A cou­ple of months ago I wrote a lit­tle let­ter to Paula Deen. And I invit­ed her to din­ner at a plan­ta­tion. No bet­ter place. And I asked her that because of all this hul­la­baloo, and cer­tain words were said, and things were alleged. And hav­ing this din­ner at this plan­ta­tion in North Carolina, where over nine hun­dred peo­ple were enslaved over two hun­dred years, using food and pro­duce from farm­ers of col­or from North Carolina, using local wild resources, in the shad­ow of slave cab­ins that were built the 1840s. And that’s where it starts. 

The great African-American play­wright August Wilson called the slave quar­ter the self-defining ground” on which he wrote. And it’s a self-defining ground on which I cook. My author­i­ty is from my blood and the land my ances­tors came from, white, black, and red. And on that basis, I invit­ed Paula Deen to din­ner to kind of work out her issues and my issues, and say that she’s a cousin. She’s not a com­bat­ant. And that’s the pow­er that this food and this from tra­di­tion can have. We can bridge pseudo-boundaries of race and bring every­one together. 

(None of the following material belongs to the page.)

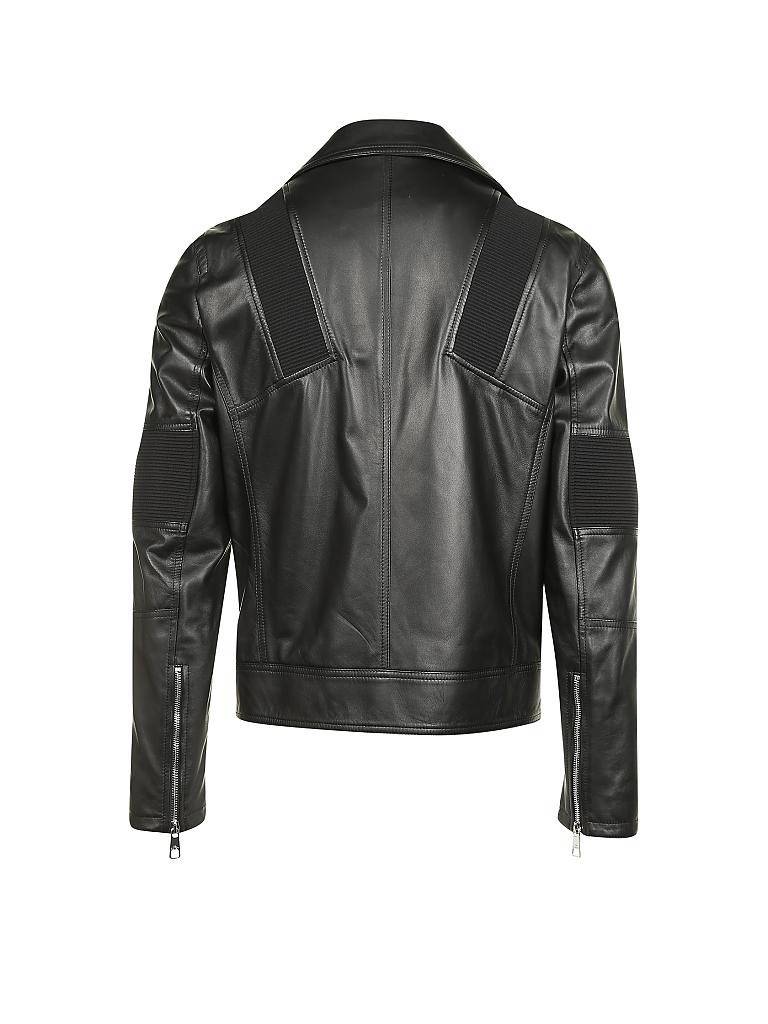 NEIL BARRETT | Lederjacke |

So, what is this his­to­ry? I’m aspir­ing to be the first colo­nial ante­bel­lum black chef in a hun­dred and fifty years. There’s nobody liv­ing who can teach me how to do that. I can learn from you as culi­nary pro­fes­sion­als about best prac­tices, but remem­ber I’m stuck in the 19th and 18th cen­turies. To that end, I research, I write, and I per­form the day-to-day labor of an enslaved per­son. So when you see me pick cot­ton, and work­ing tobac­co, and work­ing rice, and cut­ting cane, I do that because that’s the oth­er part the sto­ry they nev­er tell you about.

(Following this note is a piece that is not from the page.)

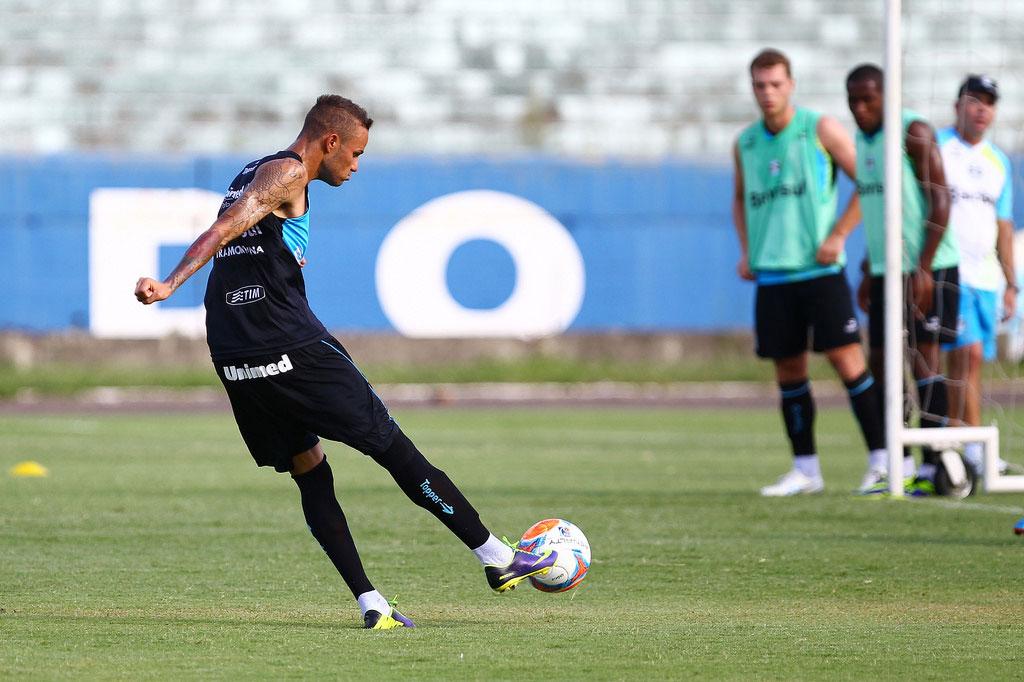 Lucas Uebel, GrêmioFBPA/Divulgação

There’s all this brag­ging about how beau­ti­ful and how boun­ti­ful the South was, and how won­der­ful it was, and should­n’t we just skip on back to the past. Without ever rec­og­niz­ing those cooks were forced into the field them­selves, and they had to per­form that labor plus the 247 labor of tak­ing care of a white fam­i­ly. And what did that mean? What did that look like? How did that feel? So, when mas­ter­ing these his­toric recipes, I’m hop­ing to restore the most impor­tant ingre­di­ent in the food that I think is there, the emo­tion­al and eth­i­cal tone of what goes into the pot and what you create.

We’re talk­ing about mil­lions of enslaved Africans brought to all areas of the Americas. And I chal­lenge you to find any­body in the his­to­ry of the world who was enslaved who rev­o­lu­tion­ized, the sex lives, the reli­gion, the dance, the music, the aes­thet­ics, of the peo­ple who enslaved them, like Africans in the Americas. The man and the woman who became enslaved enslaved the palate of those who enslaved them. From fei­joa­da, to jam­bal­aya, we flipped it on em. And we keep flip­ping it on em.

So, I want to give you a crash course. Okay, so enslaved peo­ple […] come to the Americas, they have no rights, but they have a flex­i­ble, adapt­able culi­nary tra­di­tion. They’re cho­sen for their skills and abil­i­ties. You know, when I was a kid we were always taught in American schools that the black man and woman were unskilled labor. Do you real­ly bring unskilled labor to build your coun­try? They grew the rice, the cot­ton; they knew all that stuff from West Africa. They brought that here. And the cook­ing abil­i­ty, they brought that here.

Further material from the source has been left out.